You’ll have to bear with me while I try to figure out what has gone wrong with the bloody thing. Or until I decide I need to roll back to the old version. ![]()
Since I’m heading down the coast for a day or so (Denbeigh’s family have a time share near the beach), this may take a little while. I’m sure we will all make do without archive browsing for a few days, somehow.
In other news, it has been hot and humid the entire weekend here in Durban but the minute we start packing for a beach holiday the clouds roll in. Bloody typical.
November 27th, 2008
Egad, his Geekiness level, it's over 9000!
Published on November 27th, 2008 @ 05:56:00 am , using 694 words, 253 views
In a move that unabashedly affirms my giant geek status, I have joined the chess club that’s starting up at work. Oh yeah baby, time for some real pawnage, old skool.

We generally play Dawn of War over lunch break at work, I’ve spent many a happy hour slaughtering the filthy Xenos in the name of the God-Emperor of Mankind. But this will be a good change of pace from the more frantic mayhem of RTS.

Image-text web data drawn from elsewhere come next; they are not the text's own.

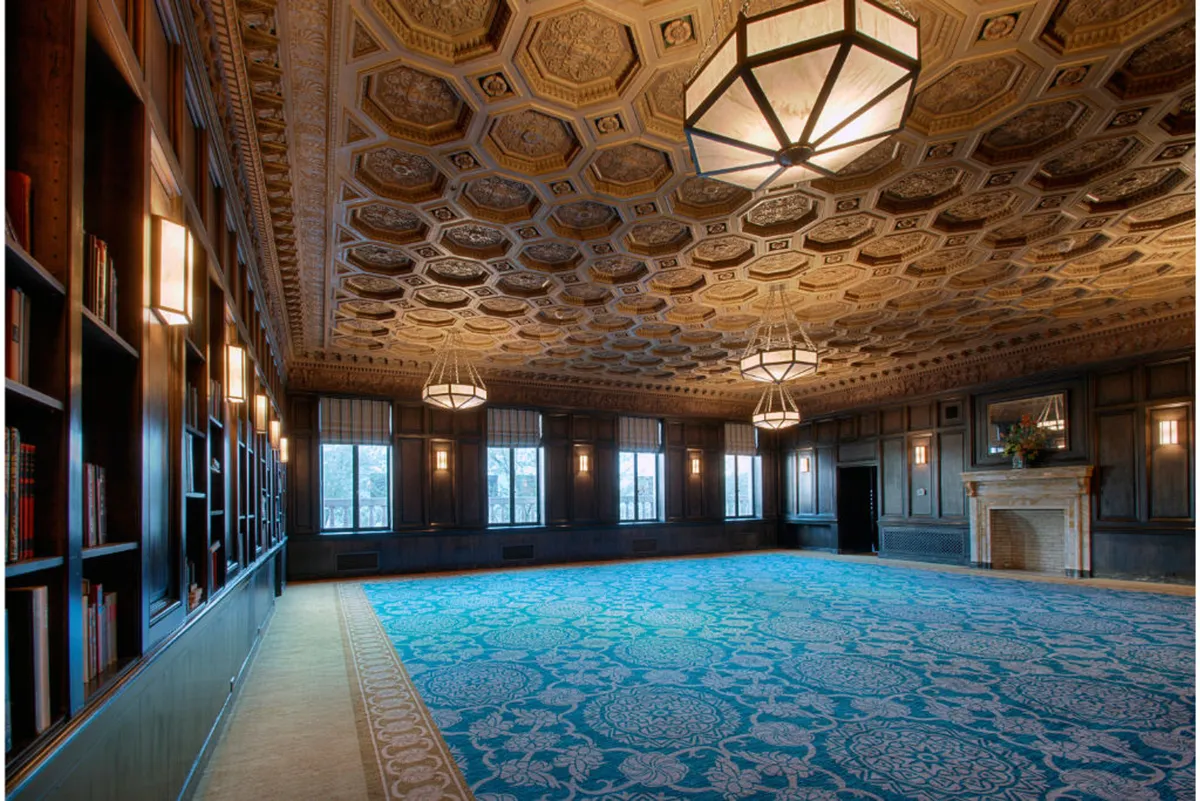 A refined and inviting interior setting with an ornate ceiling, large windows letting in natural light, bookshelves, a fireplace, and an intricate carpet. The space is suited for business meetings, networking events, or informal gatherings, embodying sophistication and productivity.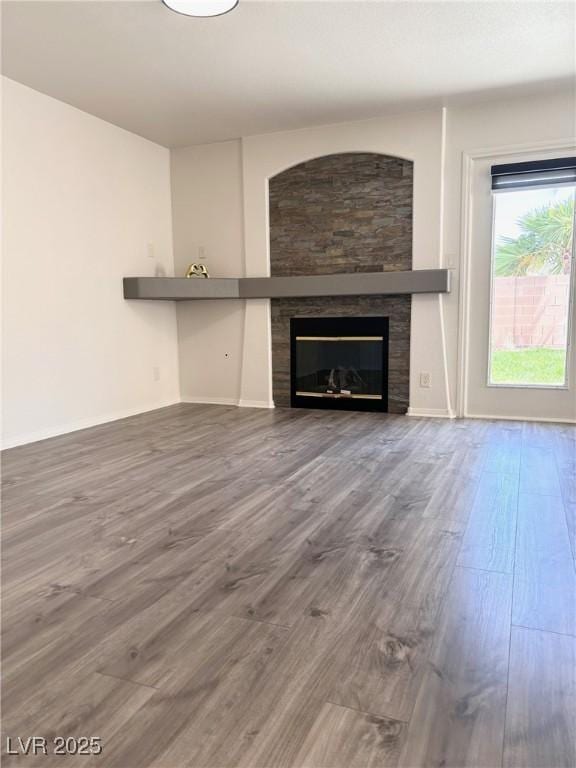 unfurnished living room with wood-type flooring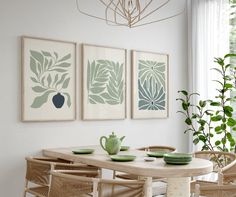 a dining room table with chairs and plates on it in front of three framed art pieces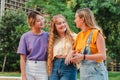 Three teenage gossip girls talking together outside. Group of multiracial female friends chatting and having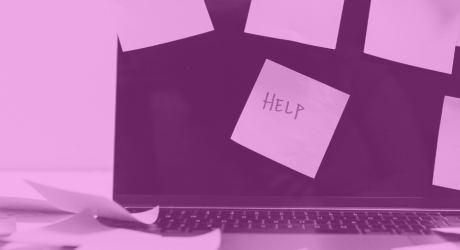 A laptop with a post-it note on the screen saying "Help"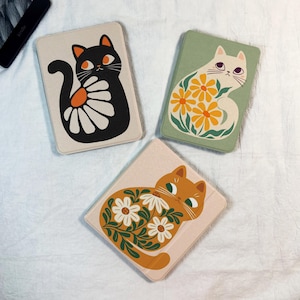 Puede incluir: Tres fundas rectangulares con ilustraciones de gatos. Una funda presenta un gato negro con un diseño de margarita, otra tiene un gato blanco con flores amarillas y la tercera un gato naranja con flores blancas.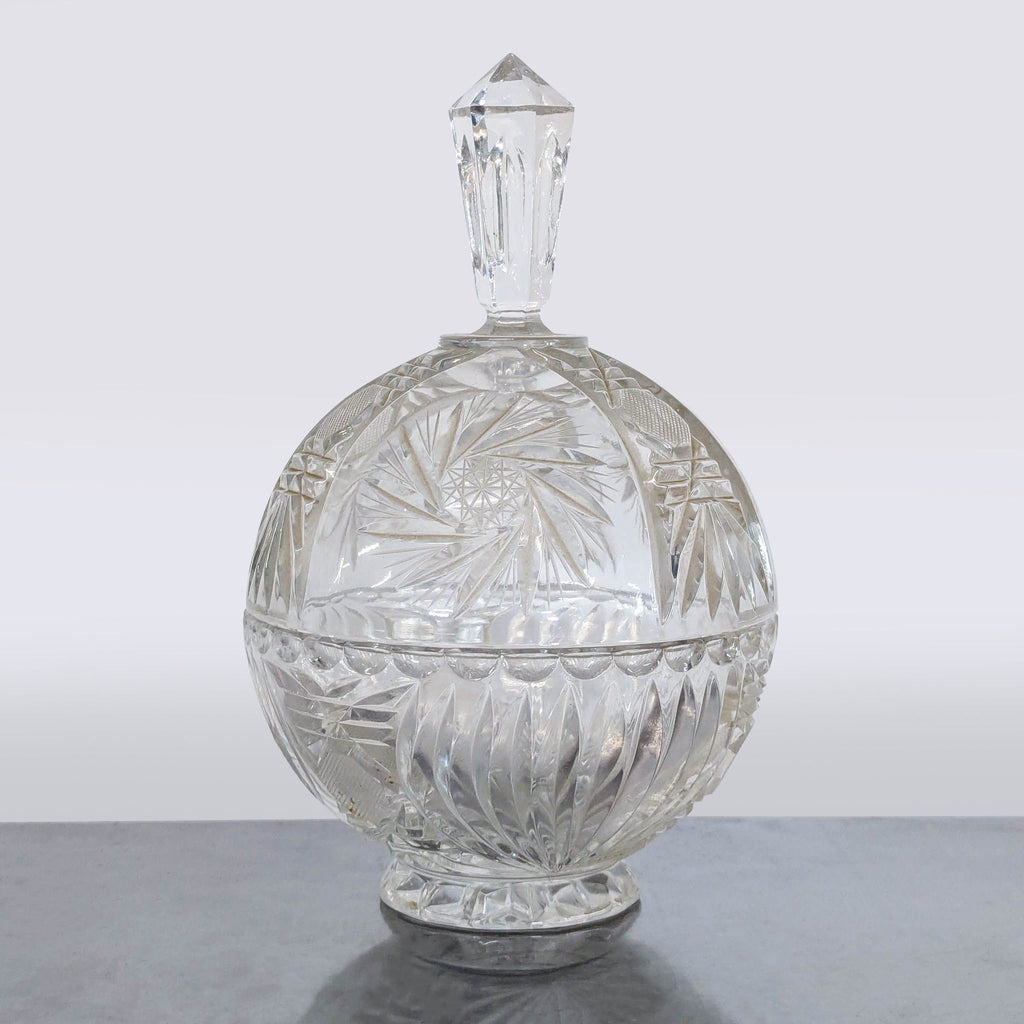 Vintage cut glass crystal bowl with lid on pedestal base, displaying elegant patterns; ideal for serving treats.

Interestingly enough, it seems the Chess Club is taking off here at work. Most of the programming department seems to be “in", interesting because we’re almost all hardcore gamers. You have your console types, your hardcore PC gamers, your MMOers…but all of us love games in general. Yet…everyone is interested in a decidedly NON “next-gen” game. I mean, chess boards don’t even have a usb port to plug my mouse in.
I mention this because of something I read over on RPGWatch, a forum post wandering whether turn-based RPGs are “dead". I really don’t think so. Turn based games in general have survived the millenia, just ask anyone who plays Poker or, cough, chess. Hell, Magic the Gathering is still going strong as far as I know. Turn based mechanics have stood the test of time, so I don’t think it’s the interest that is lacking.
A better question is probably “Are turn-based RPGs ever going to be made by mainstream developers again?”
My answer to that one is, simply : “Not until someone else does it first".
Or, for a slightly more complex answer : “Not until the current evolution of game publishing reaches it’s inevitable conclusion.”
What am I talking about? Well, the first answer is fairly straightforward. Game publishers fund what has been proven to sell. They might talk about how they know what gamers like but the reality is that all they really know what gamers bought last year. By definition that only leads to more of the same and more of what was popular yesterday. If there is some permutation of turn based mechanics that will lead to a breakout hit game, they will never discover it that way.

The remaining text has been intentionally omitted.